ComfyUI — Depth Preview
Generates a styled 2D preview image from a scene's depth map. Lets the AI validate creative direction (colors, mood, style) before committing to full 3D generation.
Install
git clone https://github.com/comfyanonymous/ComfyUI.git
cd ComfyUI
pip install -r requirements.txt
python main.py --listen 0.0.0.0 --port 7860
# Download ControlNet depth model
cd models/controlnet
wget https://huggingface.co/lllyasviel/control_v11f1p_sd15_depth/resolve/main/diffusion_pytorch_model.safetensors
How It Works
gen_render_depth (fully implemented)
→ depth map PNG (grayscale)
↓
gen_preview_world (scaffolded — needs HTTP client)

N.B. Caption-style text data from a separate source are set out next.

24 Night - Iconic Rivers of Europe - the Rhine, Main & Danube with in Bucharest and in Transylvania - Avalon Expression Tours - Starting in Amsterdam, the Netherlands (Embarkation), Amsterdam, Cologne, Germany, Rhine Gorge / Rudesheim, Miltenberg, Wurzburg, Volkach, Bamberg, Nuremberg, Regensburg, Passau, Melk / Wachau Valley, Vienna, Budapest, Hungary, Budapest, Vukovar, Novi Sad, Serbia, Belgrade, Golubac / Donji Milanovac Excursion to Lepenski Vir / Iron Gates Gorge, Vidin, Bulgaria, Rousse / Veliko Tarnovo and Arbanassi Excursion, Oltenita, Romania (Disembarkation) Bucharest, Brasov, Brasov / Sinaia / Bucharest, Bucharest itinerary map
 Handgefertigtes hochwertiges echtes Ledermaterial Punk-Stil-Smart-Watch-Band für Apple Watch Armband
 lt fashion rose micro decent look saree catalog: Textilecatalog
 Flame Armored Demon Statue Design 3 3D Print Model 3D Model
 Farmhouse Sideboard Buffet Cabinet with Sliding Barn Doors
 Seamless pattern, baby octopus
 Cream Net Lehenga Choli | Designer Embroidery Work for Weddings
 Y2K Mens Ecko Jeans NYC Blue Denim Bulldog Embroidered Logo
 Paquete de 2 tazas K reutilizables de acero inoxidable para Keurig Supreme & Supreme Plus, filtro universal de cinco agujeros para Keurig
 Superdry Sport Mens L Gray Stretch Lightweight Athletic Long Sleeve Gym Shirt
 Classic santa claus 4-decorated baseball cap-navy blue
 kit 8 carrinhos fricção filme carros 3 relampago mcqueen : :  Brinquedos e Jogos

→ POST depth map + prompt + style to ComfyUI
↓
← styled 2D preview PNG
Style Presets
| Preset | Style |
|---|---|
realistic | Photorealistic, high detail, natural lighting |
stylized | Pixar-style 3D render, vibrant colors |
pixel_art | 16-bit retro game style |
watercolor | Soft edges, muted colors |
concept_art | Painterly, atmospheric perspective |
GPU Requirements
- 2-4 GB VRAM for SD 1.5 + ControlNet
- 6-8 GB VRAM for SDXL + ControlNet
- ~10-30 seconds per image at 512x512
Tools
| Tool | Description |
|---|---|
gen_render_depth | Render a depth map from the current scene (fully implemented) |
gen_preview_world | Generate a styled 2D preview from a depth map (needs service) |
Depth map rendering is fully implemented. The HTTP client to ComfyUI is pending.
Model Server — 3D Assets
Generates 3D meshes from text prompts using local open-source models. The AI calls gen_generate_asset, gets a task ID, and the mesh auto-spawns when ready.
How It Works
gen_generate_asset { prompt: "medieval sword", model: "triposg" }
→ Task queued, returns task_id + ETA
↓
Background: POST to model server at localhost:8741
→ GPU inference (30-180 seconds)
↓
Complete: .glb copied to skill assets, auto-spawned into scene
Supported Models
| Model | VRAM | Speed (standard) | Output |
|---|---|---|---|
| TripoSG | 8 GB | 30s | Mesh only |
| Hunyuan3D 2mini | 5-6 GB | 45s | Mesh + PBR textures |
| Hunyuan3D 2.1 | 10 GB | 60s | Full PBR |
| Step1X-3D | 16 GB | 90s | Mesh + PBR + LoRA |
Tools
| Tool | Description |
|---|---|
gen_generate_asset | Queue a 3D mesh generation task |
gen_asset_status | Check generation progress |
gen_list_assets | List all asset generation tasks |
The Rust infrastructure is complete (task manager, MCP tools, command handlers). The Python model server (localgpt-model-server) is pending implementation.